== Recorded information ==
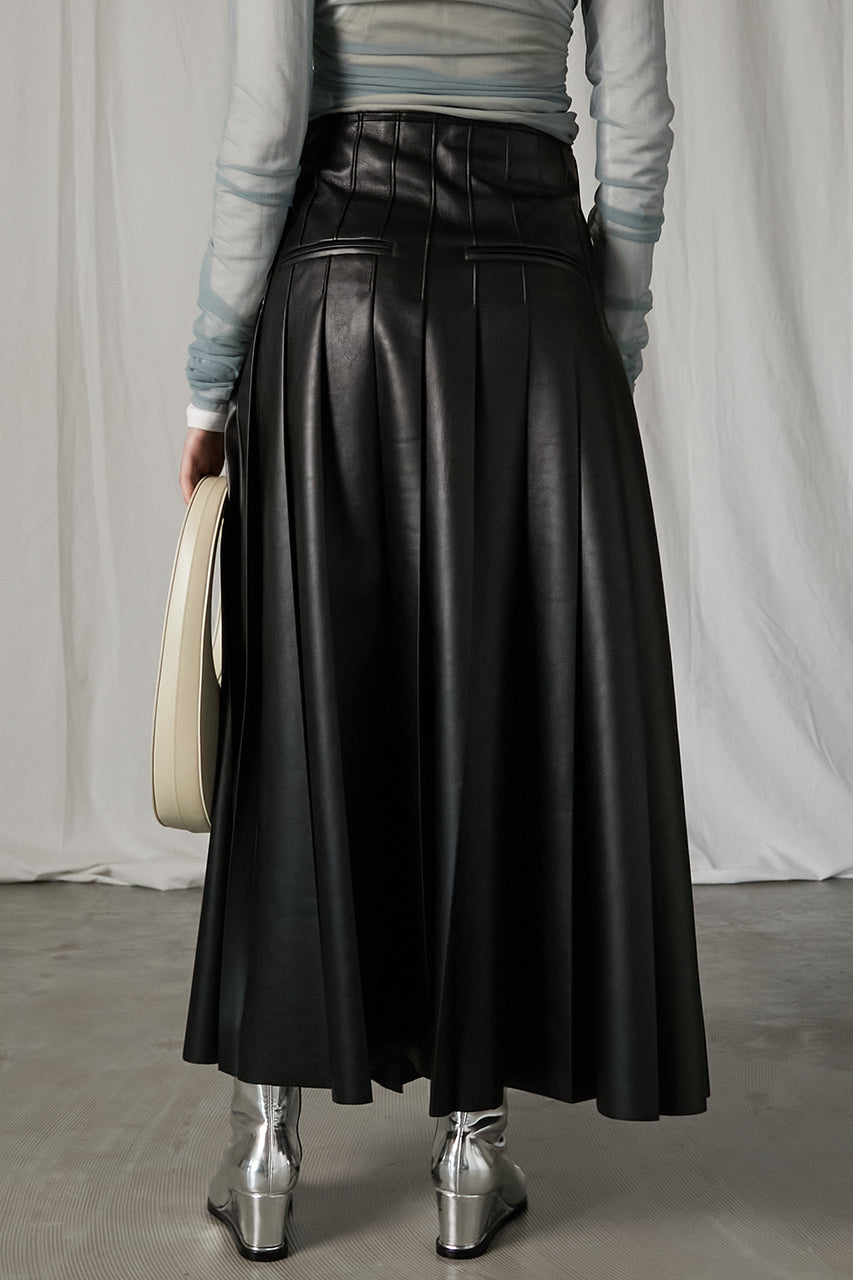 2WAY Pleated Maxi Skirt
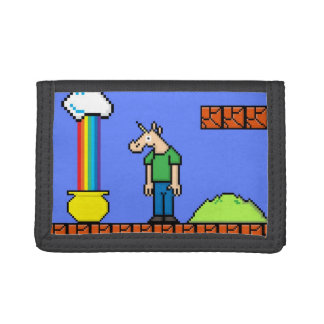 8 Bitish Unicorn Trifold Wallet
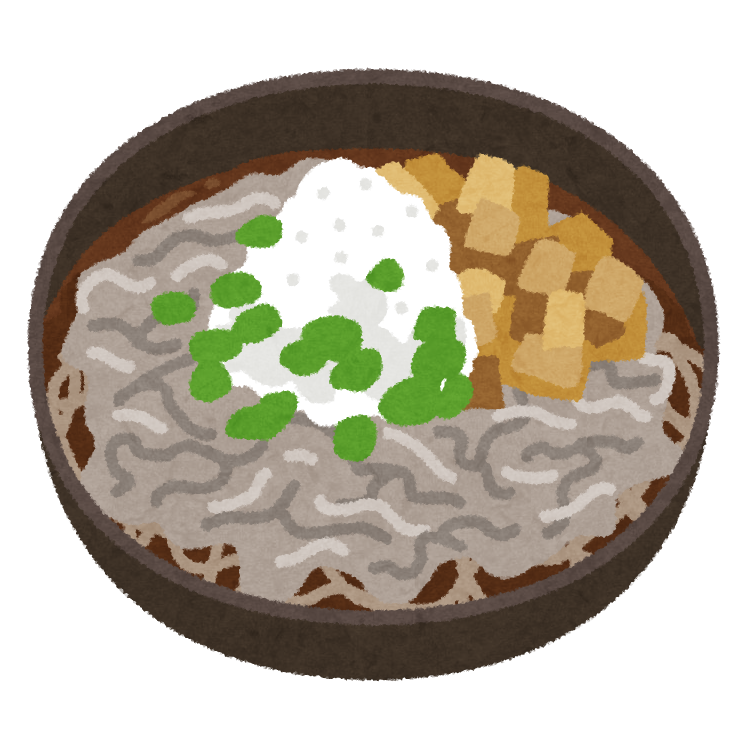 蕎麦のイラスト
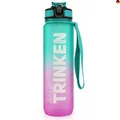 Trinkflasche mit Zeitmarkierung Deutsch Trinkerinnerung, Flasche mit Zeitmarkier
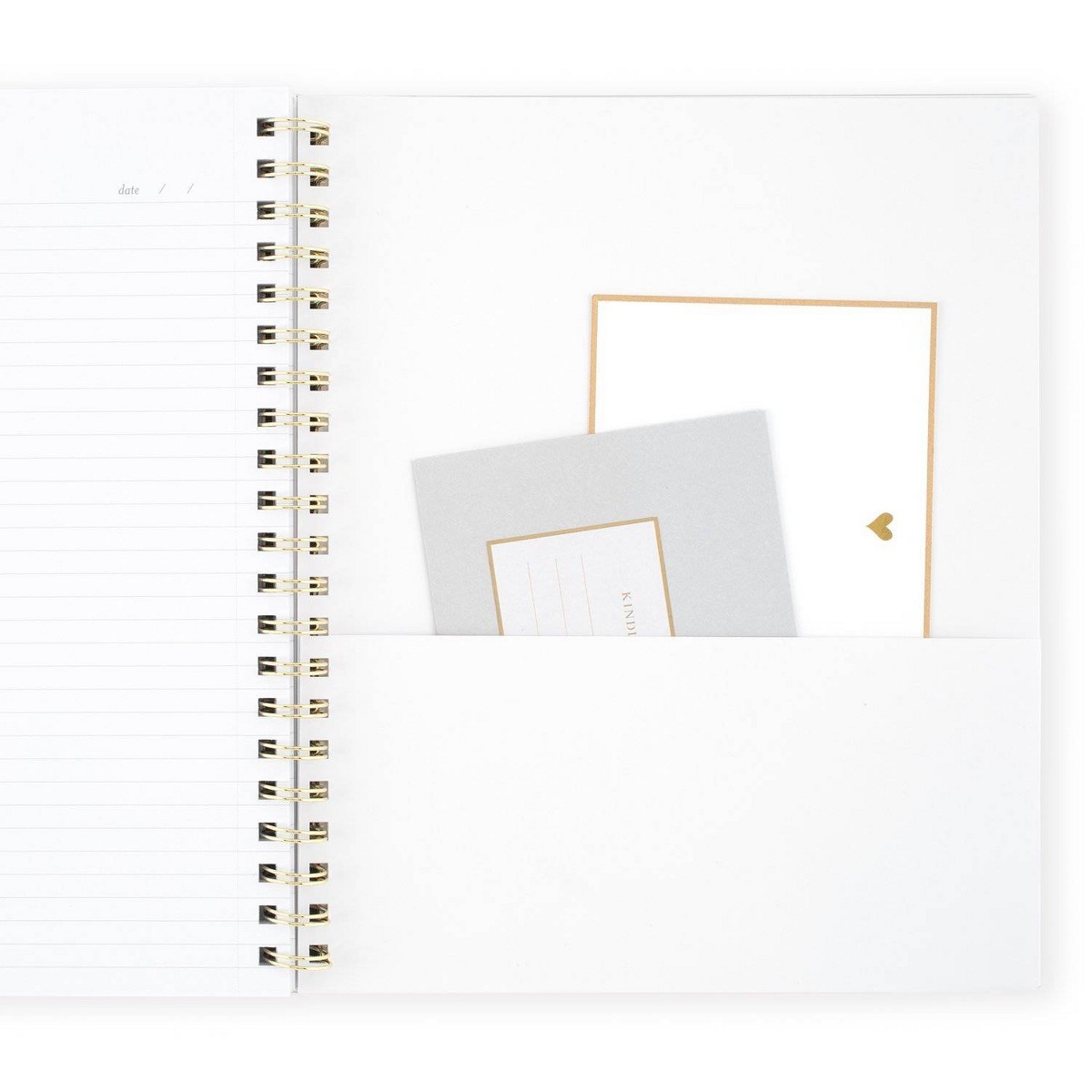 Sugar Paper Essentials 8.5″x11″ Large Spiral Bound Notebook Gold Dot 100 Pages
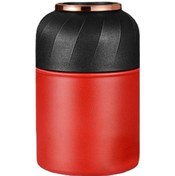 Resim Reedark 304 Çelik Çocuk Termos Kavanozu, 850ml, Isı Saklama, Çift Kullanıma Uygun Kapak, Kırmızı Çok Renkli 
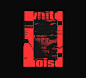 poster posters Collection type typography   Typosters Layout typographic design red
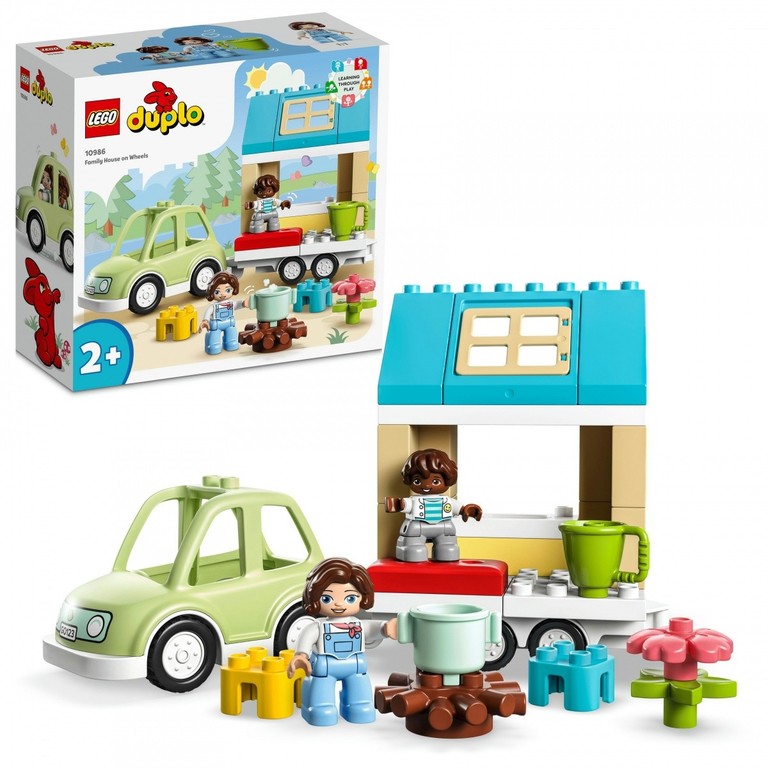 LEGO DUPLO - Dom rodzinny na kółkach 10986  (1)
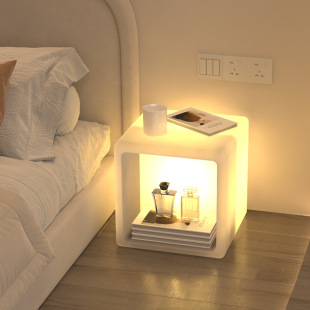 Plaid Floor Lamp Storage Rack Bedside Table Integrated Table Lamp Modern Simple Household Storage Cabinet Decorative Atmosphere Lamp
===
### Task objective:
Would you please retype all the data exactly? Leave out whatever pictures it holds.

### The completed task:
 2WAY Pleated Maxi Skirt
 8 Bitish Unicorn Trifold Wallet
 蕎麦のイラスト
 Trinkflasche mit Zeitmarkierung Deutsch Trinkerinnerung, Flasche mit Zeitmarkier
 Sugar Paper Essentials 8.5″x11″ Large Spiral Bound Notebook Gold Dot 100 Pages
 Resim Reedark 304 Çelik Çocuk Termos Kavanozu, 850ml, Isı Saklama, Çift Kullanıma Uygun Kapak, Kırmızı Çok Renkli 
 poster posters Collection type typography   Typosters Layout typographic design red
 LEGO DUPLO - Dom rodzinny na kółkach 10986  (1)
 Plaid Floor Lamp Storage Rack Bedside Table Integrated Table Lamp Modern Simple Household Storage Cabinet Decorative Atmosphere Lamp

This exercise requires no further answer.